REST API Reference
REST API Reference
The Multimodal Video RAG API follows RESTful principles and returns JSON-encoded responses. The base URL for all v1 endpoints is /api/v1.
Video Management
Endpoints for ingesting, listing, and managing video content.
Ingest a Video
POST /videos/ingest
Starts an asynchronous pipeline to download, transcribe, and index a video from a URL.
Request Body
| Field | Type | Required | Description |
| :--- | :--- | :--- | :--- |
| url | string | Yes | The YouTube URL of the video to ingest. |
Response (VideoIngestResponse)
{
"job_id": "job_01HXYZ123ABC",
"video_id": "vid_01HXYZ123ABC",
"status": "pending",
"message": "Ingestion job created"
}
List Videos
GET /videos
Returns a list of all videos currently in the knowledge base.
Response (VideoListResponse)
{
"videos": [
{
"video_id": "vid_01HXYZ123ABC",
"title": "Introduction to Multimodal AI",
"duration_seconds": 360,
"source_url": "https://www.youtube.com/watch?v=...",
"thumbnail_url": "https://...",
"ingested_at": "2023-10-27T10:00:00Z",
"chunk_count": 42,
"searchable": true
}
],
"total": 1
}
Delete Video
DELETE /videos/{video_id}
Removes a video and all its associated embeddings (visual and audio) from the vector store.
Search
Endpoints for semantic retrieval across the video corpus.
Semantic Search
POST /search
Searches for specific moments within videos using natural language queries.
Request Body
| Field | Type | Default | Description |
| :--- | :--- | :--- | :--- |
| query | string | Required | The search query (e.g., "blue elephants"). |
| top_k | integer | 5 | Number of results to return. |
| video_ids | string[] | null | Optional list of IDs to restrict search. |
| include_visual | boolean | true | Search across visual scene descriptions. |
| include_audio | boolean | true | Search across audio transcripts. |
Response (SearchResponse)
{
"query": "elephants",
"results": [
{
"video_id": "vid_123",
"chunk_id": "chk_456",
"chunk_type": "visual",
"timestamp_start": 45.5,
"timestamp_end": 50.0,
"content": "A large elephant walks across the savanna.",
"score": 0.89,
"preview_url": "https://..."
}
],
"total_results": 1,
"search_time_ms": 120
}
Chat Assistant
Endpoints for conversational interaction with the video library.
Send Chat Message
POST /chat
Interact with an AI agent that reasons across your video content.

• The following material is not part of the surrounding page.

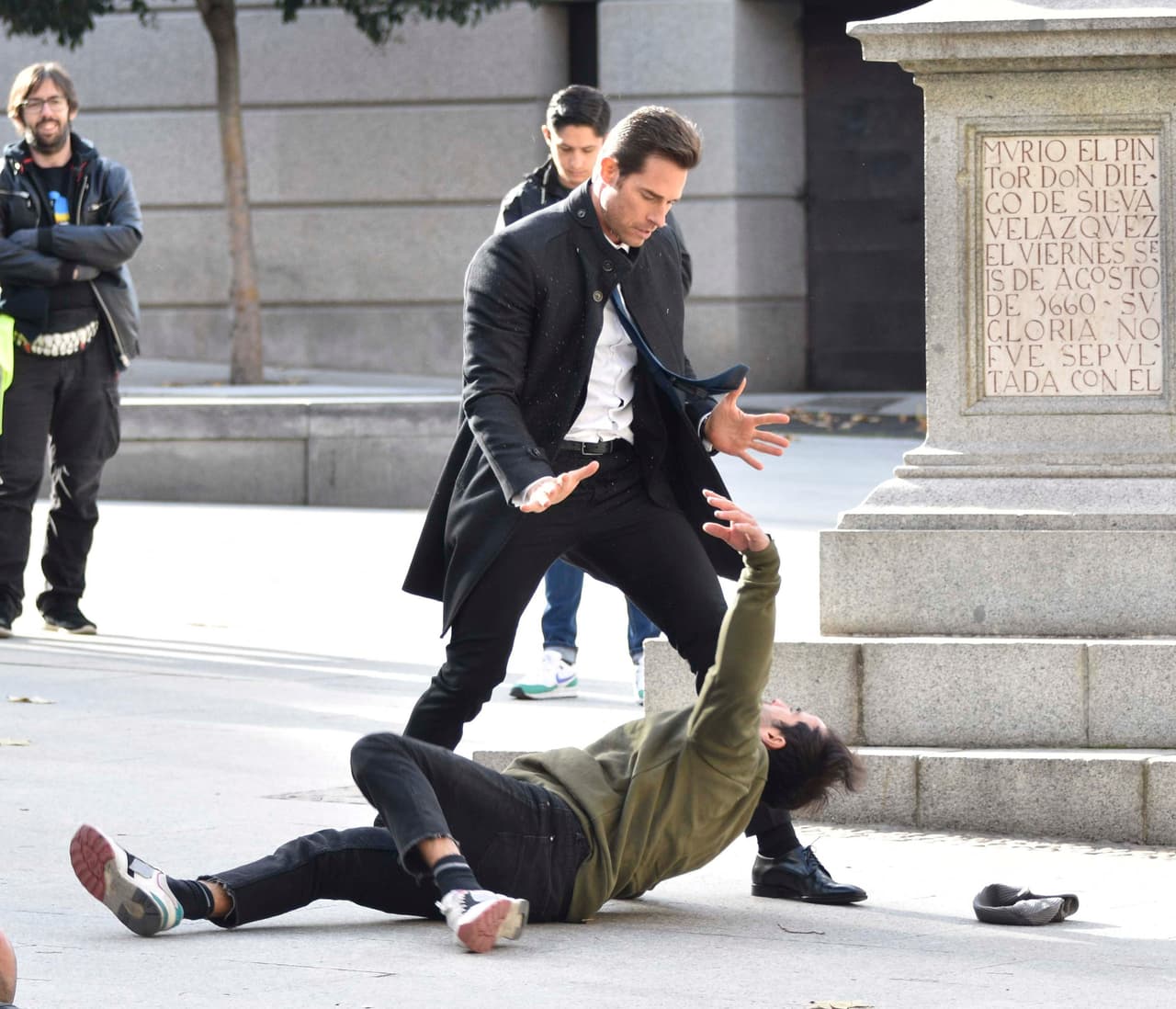 Rulli ya ha compartido algunas imágenes de sus primeras escenas en la serie.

This endpoint uses a LangGraph-powered router to decide whether to search the corpus or answer based on previous context.
Request Body
| Field | Type | Required | Description |
| :--- | :--- | :--- | :--- |
| query | string | Yes | The user message or question. |
| video_ids | string[] | No | Target specific videos for the agent to consider. |
| session_id | string | No | ID to maintain conversation history. |
Response (ChatResponse)
{
"answer": "The speaker mentions the project timeline starting at [0:45].",
"sources": [
{
"video_id": "vid_123",
"timestamp": "0:45",
"timestamp_seconds": 45,
"transcript": "We are planning to launch the project in Q4.",
"visual_context": "Speaker pointing to a slide titled 'Timeline'."
}
],
"query": "When does the project start?"
}
Real-time Updates (WebSockets)
For long-running tasks like ingestion, the system provides real-time progress updates via WebSockets.
Ingestion Job Progress
WS /ws/jobs/{job_id}
Message Payload (ProgressEvent)
{
"job_id": "job_123",
"video_id": "vid_123",
"stage": "transcribing",
"stage_number": 3,
"total_stages": 5,
"progress_percent": 60,
"message": "Generating audio transcript...",
"timestamp": "2023-10-27T10:05:00Z"
}
Data Models
JobStatus (Enum)
The status of a background ingestion job can be one of the following:
pending: Job created in queue.downloading: Fetching video file from source.extracting: Splitting audio and frames.transcribing: Running Whisper ASR.segmenting: Determining scene boundaries.describing: Running Vision LLM on frames.embedding: Generating vectors for content.indexing: Saving to ChromaDB.completed: Video is searchable.failed: Job stopped due to an error.